To accomplish this, you can add a third table that acts as a go-between, and handles all the possible combinations involved.
Testing the scenario:: You can test out the steps below to make sure it's what you want. To do so, make a copy of your application with data, then follow the instructions below to see if this solution is the one you're looking for. If you like the way it works in the copy, make the same changes to your live app.
Carefully plan projects, resources, and tasks: Lots of project managers ask Quick Base how to create a many-to-many relationship between resources and tasks. But before you set up your project management application to assign multiple users to a task, ensure you consider what a task is and who is actually in charge of completing it. Can the job be broken down into individual tasks that each person completes? Sometimes, a many-to-many relationship may be more complex than you need for your app, and a one-person-to-many-tasks set up may be preferable.
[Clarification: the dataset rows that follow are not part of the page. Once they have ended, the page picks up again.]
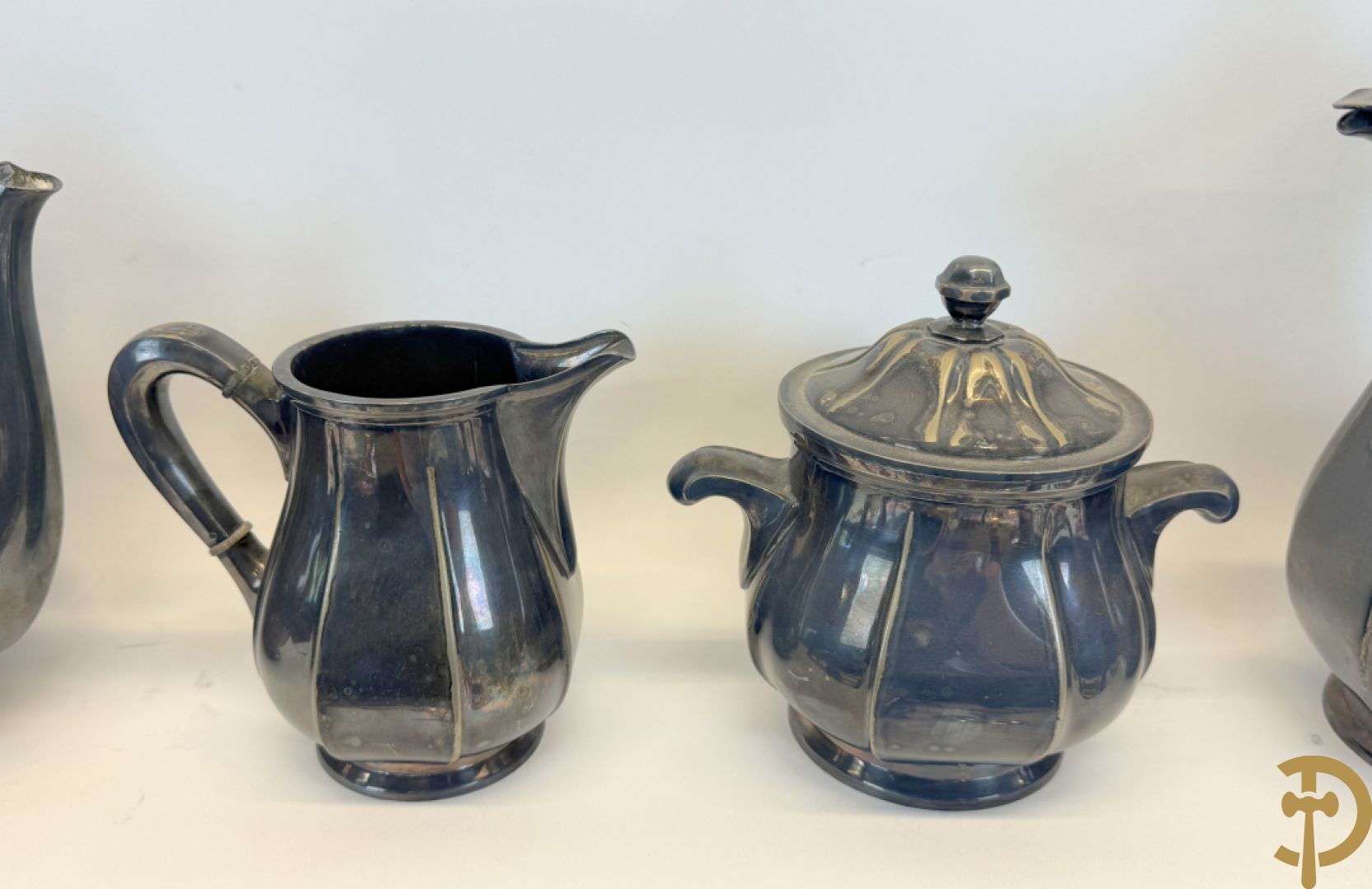 Koffieset Whiskemen (suikerpot met bluts) + Zes verzilverde kandelaars + verzilverde ijscoupes + verzilverde koffiefilters + olie- en azijnstel + verzilverde suikerstrooier e.a.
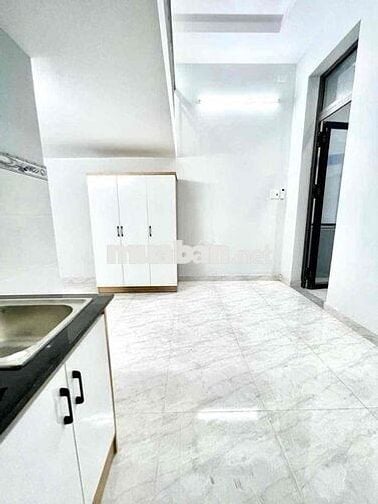 Phòng Cửa sổ trời Full nội thất đầu tháng 11 trống ngay Lê Đức Thọ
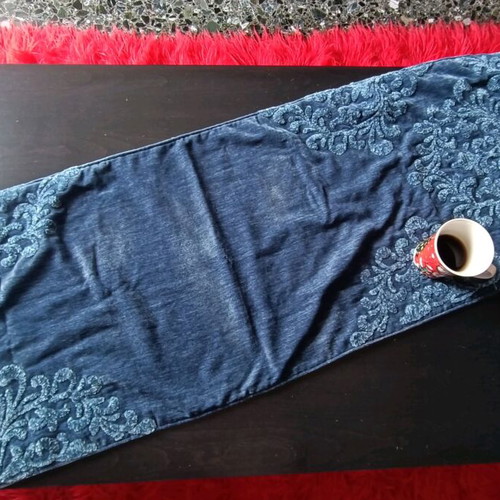 Table runner like new in blue shade with light blue details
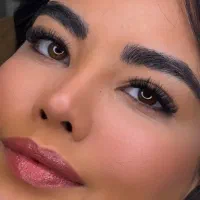 خدمات اکستنشن مژه و لیفت و لمینیت مژه و ابرو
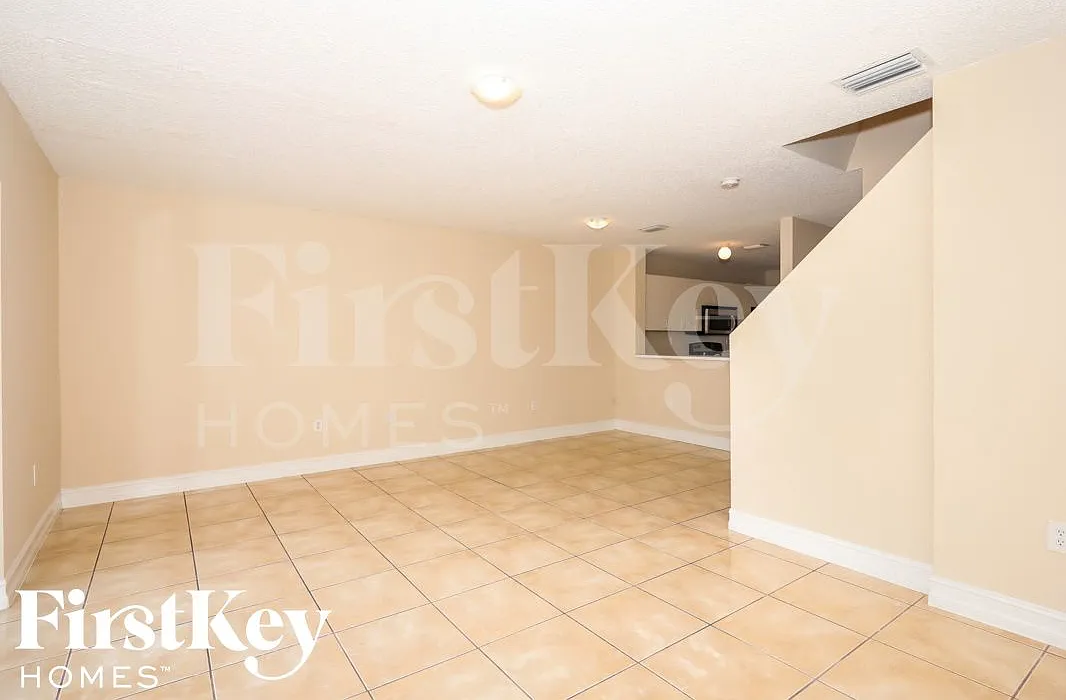 3 bed, 2.0 bath, 1310 sqft, $2,825 — Photo 3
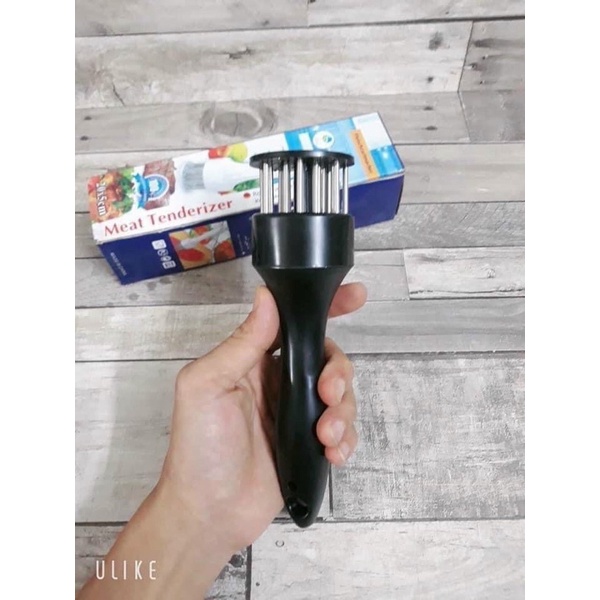 Dụng cụ làm mềm thịt, cây xăm  thịt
To create a many-to-many relationship:
Create a new table to serve as the intermediate table.
Add a new table to your application and give it an appropriate name. For example, if you are connecting students and classes, you may have an Assignments table.
Create a relationship between the new table and the existing tables.
Create two relationships. The new, intermediate table should be the child table to each previously existing table. In other words, the new table is the "many" in a one-to-many relationship with both existing tables.
Add lookup fields to the relationship.
For example, you may want the Assignments table to display the class description and instructor name from the Classes table. The more information you draw into your new table, the more useful it is—not just for creating assignments, but also for creating reports and charts, because all your reporting will be based on the intermediate table from this point forward.
Delete unnecessary fields from parent tables.
If there are fields in the existing tables that track information that's now in the new intermediate table, you'll want to delete those fields, for example, a Class field in the Students table that you'll no longer use.
Create automated email notifications for the new table.
If you have email notifications, subscriptions or reminders set up, you may need to replicate these on the new table. For example, if your Students table notified a person when you assign them to a class, you need to create that notification for your intermediate table (Assignments) because that's where you now make class assignments. (Read more about automated emails.)
Using the many-to-many relationship
Now, whenever you want to add information that links your two original tables, you do so by adding a record to the new table. For example, if you want to sign a student up for a course, you'd add a new record to the Assignments table. Within the new record, select the class and select the student. To assign multiple people to one class, create multiple records in the assignments table—one for each combination of person and class. Quick Base makes this easier by adding an Add Assignments button to each parent table. From within a Class record, you can click the Add Assignments button to assign a person to that class. You can do the same from within a Student's record. The button adds a new record to the Assignment table that joins a Student and a Class.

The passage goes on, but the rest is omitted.